True implementation of UNDRIP also means that all laws on the statute books will have to be checked for consistency — not just those directly involving Indigenous people, says Gib van Ert, litigation counsel at Olthuis van Ert in Ottawa and Vancouver. And if necessary, they’ll have to be amended.
"That's comprehensive—it's everything," says van Ert. "Like U.N. human rights instruments, they talk about human rights as they apply in all areas of human rights, but UNDRIP is probably even more comprehensive than other international human rights instruments, and they are generally comprehensive. We're talking about political decision making, protection of treaty rights for Indigenous people, but also social, education, healthcare, cultural issues."
UNDRIP is the most comprehensive international human rights instrument devised so far, says van Ert. It reaches into every aspect of domestic law. Even then, it's impossible to say how broad its application will be.
Canada isn't the only country trying to figure out the Declaration's full scope and what it means domestically, says van Ert. Complicating matters further is seeing how UNDRIP will mesh with existing obligations under Section 35 of the Constitution Act, 1982.
"There is a risk of domesticating the Declaration, coming to a facile conclusion that it means the same thing as Section 35, and so we're good," says van Ert. "That's not right, and it's a danger, and we're not going to live up to the obligation that Parliament and the B.C. Legislature have now adopted if we just blithely assume that Section 35 accomplishes everything that the Declaration does. I don't think it does."
Neither UNDRIP nor Section 35 create rights, says Alexander. They merely affirm existing rights, with each amplifying different aspects of those rights in their own way.
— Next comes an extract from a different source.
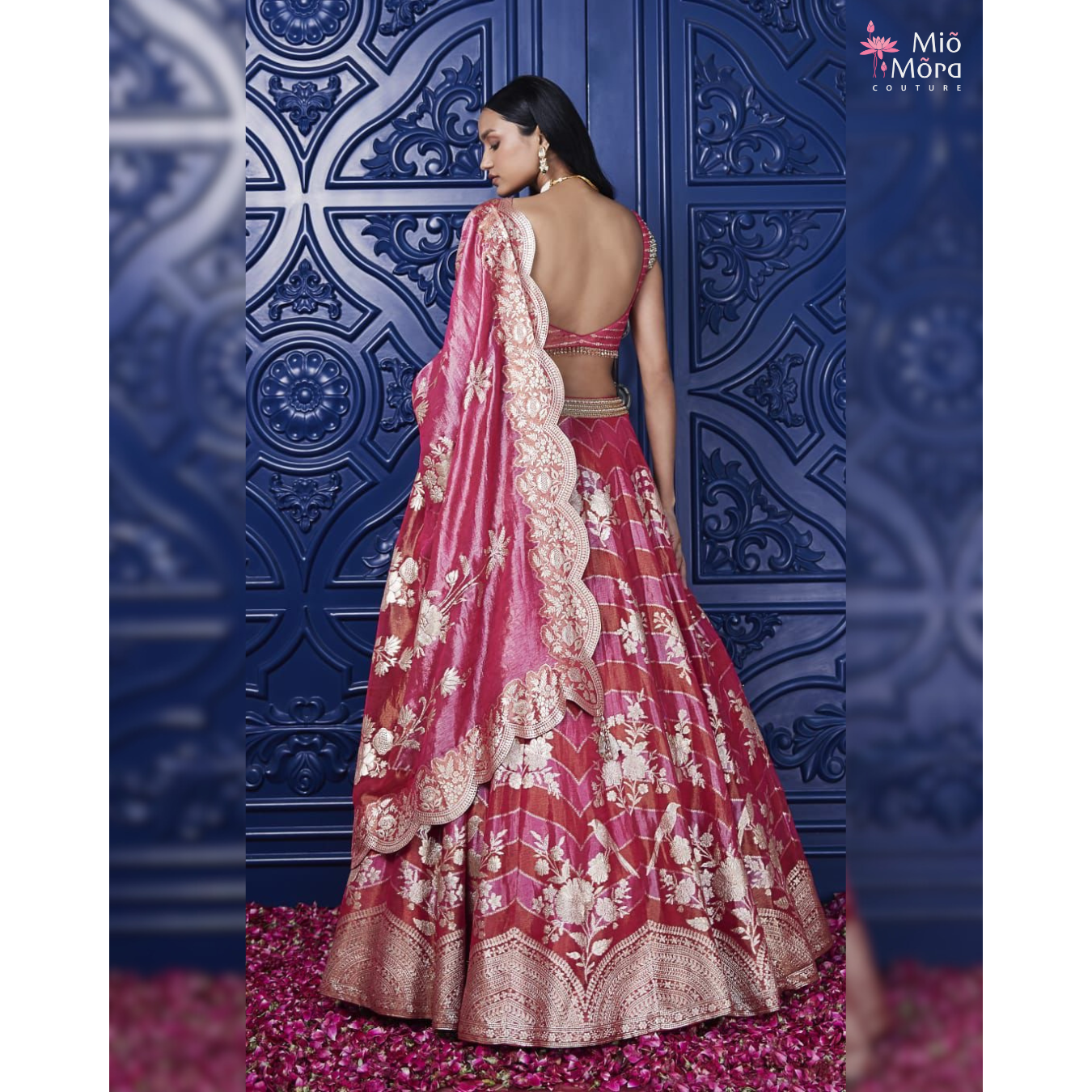 Pink Banarasi Weave Embroidered Lehenga Set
"One of the key struggles between that interaction is whether or not the Crown starts trying to apply justifiable infringement analysis to UNDRIP," Alexander says. "You hear, especially Crown lawyers, talking about that issue, and whether or not a right that's affirmed by UNDRIP still has to go through the justifiable infringement test. Or if, because it's a human right, it has to be looked at differently."
Alexander says that there is no universal answer to that. But by focusing on the implementation of human rights, UNDRIP implementation bills change the analysis about whether or not you can easily infringe a right that is affirmed by both Section 35 and the Declaration.
And how do we go about ensuring that future legislation is UNDRIP compliant? In B.C., the government is still reacting, says Alexander — meaning it isn’t quite ready to tear down existing laws to introduce comprehensive reform. But that could change.
Typically at the federal level, the government will publish a Charter statement as a part of its legislative process, van Ert notes, to inform people of a law's impact on rights. "One possibility might be to add a declaration statement provision to parallel this Charter statement provision," says van Ert. "These Charter statements promote consistency with the Charter because somebody is obliged to turn their minds to it, and the Minister has to report inconsistencies to the House of Commons. It doesn't mean that a court won't disagree someday, but it's a check."
Lametti says that they are considering such a mechanism. "Already I can say that informally, I have thrown it out a few times,” he says. “‘Is this legislation UNDRIP compliant,’ and with discussions that I've had with various Indigenous leadership at the community level all the way up, with respect to the special interlocutor and the response to unmarked graves, the idea of whether the process that we're trying to put into place is UNDRIP compliant has been raised.”